Si à l'usine ou aux abattoirs GAD on avait proposé aux jeunes une formation au bout d'un an ou deux à un emploi un peu plus intéressant ou des cours dans le cadre de la "formation tout au long de la vie" il aurait dit oui, il aurait eu l'envie de s'en sortir, il aurait puisé dans ces acquis scolaire pour sortir de son travail à la chaîne, il aurait renforcé sa confiance en lui ou en elle, il n'était pas encore abimé par des années d'un travail à répéter à l'infini les mêmes gestes, même si ce travail réclame de l' intelligence, il ne réclame pas la lecture.
Les employeurs quand ils sentent l'urgence d'une restructuration se précipitent vers les organismes de formation, 6 mois avant la fermeture de l'usine pour réclamer des stages rémunérés par la formation professionnelle. Mais Monsieur le patron, il est trop tard, beaucoup trop tard, les salariés que vous avez pressuré comme des citrons pendant des années, vos stages ils ne leur serviront à rien et ils le savent.
Ce qu'à dit le Ministre n'est pas totalement faux même si c'est violent à entendre.
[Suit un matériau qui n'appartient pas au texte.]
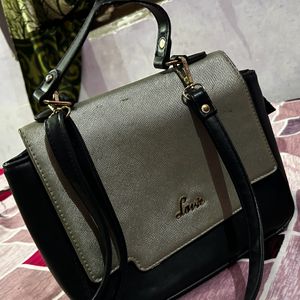 LAVIE Women Grey & Black Satchel - Mini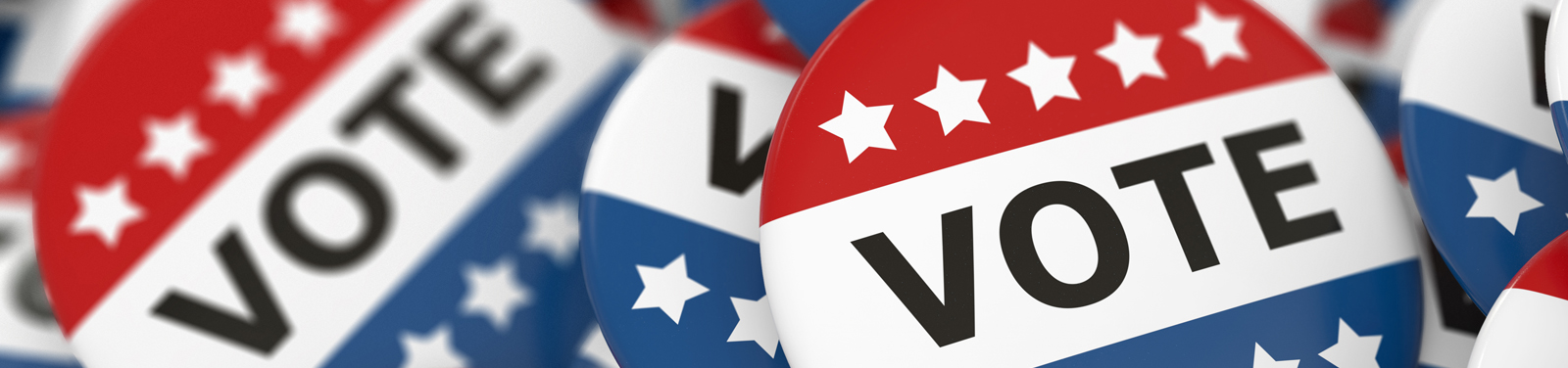 Vote pins. Credit: luismmolina / iStockPhoto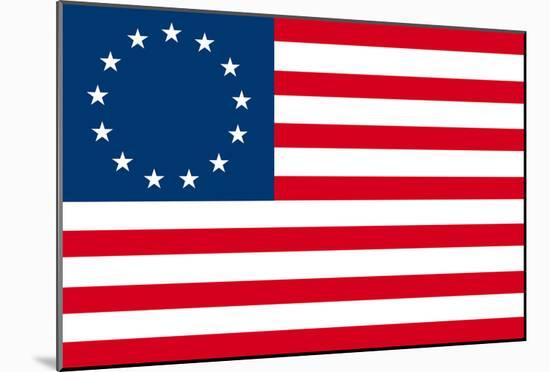 American Colonial National Flag Poster Print-null-Mounted Poster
L 'indignation c'est gentil, c'est moral mais ça ne suffit pas à modifier des réalités dérangeantes.
J'ai connu ce mécanisme dans les services de La Poste, saisir des chèques sur une machine pendant 6 ans, trier des lettres jusqu'à la retraite ça n'aide pas à entretenir l'intellect. C'est avec le taylorisme, avec des organisations du travail complétement parcellisées en vue de la rentabilité que des gens extrêmement ouverts et intelligents en viennent à refuser des formations sous des prétextes divers, la réalité est qu'ils ne se sentent plus très à l'aise avec l'écrit.
C'est cela qu'il faudrait repenser, au lieu de pleurer sur l'échec des dispositifs de formation , les employeurs ont très peu de contraintes dans ce domaine, ils peuvent laisser un salarié au même poste pendant 20 années sans rien leur proposer en matière de formation et de qualification.
Il en est qui refusent même de DIF droit individuel de formation : 120 heures au bout de 6 ans d'ancienneté. Le coût du travail, madame !
Ainsi des personnes qui au départ n'étaient pas "illettrées" le sont devenues, d'ailleurs le mot d'illettré n'est pas juste,il s'agit plutôt d'une déperdition de capacités à lire et comprendre un texte. Ce qui est faux dans ce qu'à dit le Ministre c'est que ça n'empêche pas d'avoir le permis qui n'est pas basé que sur la lecture.
Je sais lire et je n'ai jamais pu avoir le permis.